Beate Ebeling, Gleichstellungsbeauftragte der Stadt Wolfsburg, im Gespräch. (Foto: Bärbel Mäkeler)

Also: Der frauenORT Niedersachsen in Wolfsburg ist eine Initiative des Landesfrauenrats Niedersachsen e. V. in Kooperation mit dem Gleichstellungsreferat der Stadt Wolfsburg, der VW AG, der WMG, dem Science Center phæno und den Soroptimisten (Club Wolfsburg). Das kann aber an anderen niedersächsischen Orten anders aussehen … ein Blick auf die Internetseiten der frauenORTE Niedersachsen hilft hier weiter (www.frauenorte-niedersachsen.de).

Weitere frauenORTE in der Region

In ganz Niedersachsen sind rund 35 herausragende Frauenpersönlichkeiten gelistet. Und wo gibt es in unserer Region neben Sibylle von Schieszl in Wolfsburg weitere frauenORTE?

Nun, in Braunschweig warten Ricarda Huch sowie Minna Faßhauer auf ihre Entdeckung. Ricarda Huch, Schriftstellerin von Weltrang, wurde als erste Frau 1926 in die Preußische Akademie der Künste berufen. Minna Faßhauer, Revolutionärin, war die erste Ministerin in Deutschland, sie bekam das Volkskommissariat für Volksbildung übertragen.

In Peine informiert eine Hörstation über Hertha Peters, die ab 1964 die erste Landrätin im Landkreis Peine war. Das Peine Marketing bietet dazu einen besonderen Stadtrundgang mit einer Schauspielerin an.

In Goslar ist rund um Katharina von Kardorff-Oheimb ein frauenORT entstanden, im Café am Markt ist ihr sogar die Kathinka-Torte gewidmet. Sie engagierte sich in der bürgerlichen Frauenbewegung, z. B., indem sie politische Ausbildungskurse für Frauen organisierte.
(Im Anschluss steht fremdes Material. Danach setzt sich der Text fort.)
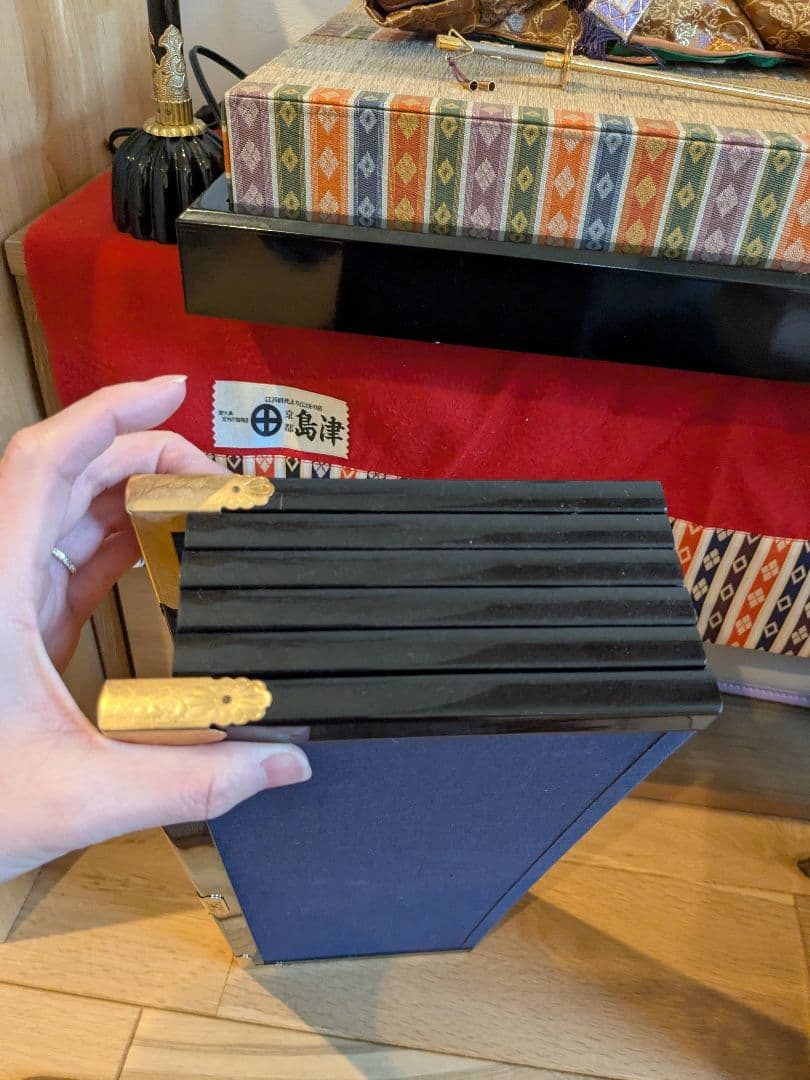 ひな人形　島津　お雛様、お内裏様、屏風、ぼんぼり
Charlotte von Veltheim war die Domina des Klosters Marienberg in Helmstedt, die viel für die Allgemeinheit und für die Mitbewohnerinnen des Klosters bewirkte. Sie führte erstmals Klosterleben und unternehmerisches Denken zusammen.

Der frauenORT in Wolfenbüttel gedenkt Henriette Schrader-Breymann, die sich in Wolfenbüttel für die Bildung von Mädchen und Frauen einsetzte. Ihr Einsatz für die Erwerbstätigkeit von Frauen gilt als wegweisend.

In fast allen Orten werden Stadtrundgänge angeboten und Prospekte informieren über die herausragenden Frauenpersönlichkeiten. Politische Veranstaltungen, Führungen sowie Diskussionssalons greifen das Thema Emanzipation auf und Gedenktafeln sowie Büsten erinnern an die bedeutenden Frauen „von gestern“.